Free SY0-701 Exam Dumps

No Installation Required, Instantly Prepare for the SY0-701 exam and please click the below link to start the SY0-701 Exam Simulator with a real SY0-701 practice exam questions.
Use directly our on-line SY0-701 exam dumps materials and try our Testing Engine to pass the SY0-701 which is always updated.

Exam Code: SY0-701
Exam Title: CompTIA Security+ Exam
Vendor: CompTIA
Exam Questions: 0
Last Updated: September 28th,2024

Question 1

- (Exam Topic 1)
As part of annual audit requirements, the security team performed a review of exceptions to the company policy that allows specific users the ability to use USB storage devices on their laptops The review yielded the following results.
• The exception process and policy have been correctly followed by the majority of users
• A small number of users did not create tickets for the requests but were granted access
• All access had been approved by supervisors.
• Valid requests for the access sporadically occurred across multiple departments.
• Access, in most cases, had not been removed when it was no longer needed
Which of the following should the company do to ensure that appropriate access is not disrupted but unneeded access is removed in a reasonable time frame?

A. Create an automated, monthly attestation process that removes access if an employee's supervisor denies the approval
B. Remove access for all employees and only allow new access to be granted if the employee's supervisor approves the request
C. Perform a quarterly audit of all user accounts that have been granted access and verify the exceptions with the management team
D. Implement a ticketing system that tracks each request and generates reports listing which employees actively use USB storage devices

Correct Answer:A
According to the CompTIA Security+ SY0-601 documents, the correct answer option is A. Create an automated, monthly attestation process that removes access if an employee’s supervisor denies the approval12.
This option ensures that appropriate access is not disrupted but unneeded access is removed in a reasonable time frame by requiring supervisors to approve or deny the exceptions on a regular basis. It also reduces the manual workload of the security team and improves the compliance with the company policy.

Question 2

- (Exam Topic 1)
After a phishing scam fora user's credentials, the red team was able to craft payload to deploy on a server.
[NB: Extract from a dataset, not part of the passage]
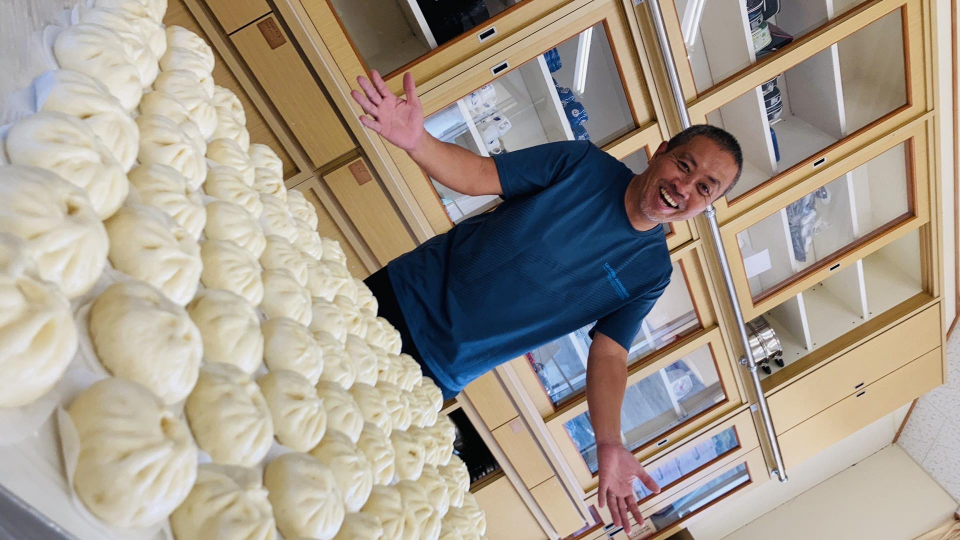 朝日塾が調理・販売！大人気・本場中国の中華まん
The attack allowed the installation of malicious software that initiates a new remote session
Which of the following types of attacks has occurred?

A. Privilege escalation
B. Session replay
C. Application programming interface
D. Directory traversal

Correct Answer:A
"Privilege escalation is the act of exploiting a bug, design flaw, or configuration oversight in an operating system or software application to gain elevated access to resources that are normally protected from an application or user." In this scenario, the red team was able to install malicious software, which would require elevated privileges to access and install. Therefore, the type of attack that occurred is privilege escalation. References: CompTIA Security+ Study Guide, pages 111-112

Question 3

- (Exam Topic 1)
If a current private key is compromised, which of the following would ensure it cannot be used to decrypt ail historical data?

A. Perfect forward secrecy
B. Elliptic-curve cryptography
C. Key stretching
D. Homomorphic encryption

Correct Answer:A
Perfect forward secrecy would ensure that it cannot be used to decrypt all historical data. Perfect forward secrecy (PFS) is a security protocol that generates a unique session key for each session between two parties. This ensures that even if one session key is compromised, it cannot be used to decrypt other sessions.

Question 4

- (Exam Topic 1)
A help desk technician receives an email from the Chief Information Officer (C/O) asking for documents. The technician knows the CIO is on vacation for a few weeks. Which of the following should the technician do to validate the authenticity of the email?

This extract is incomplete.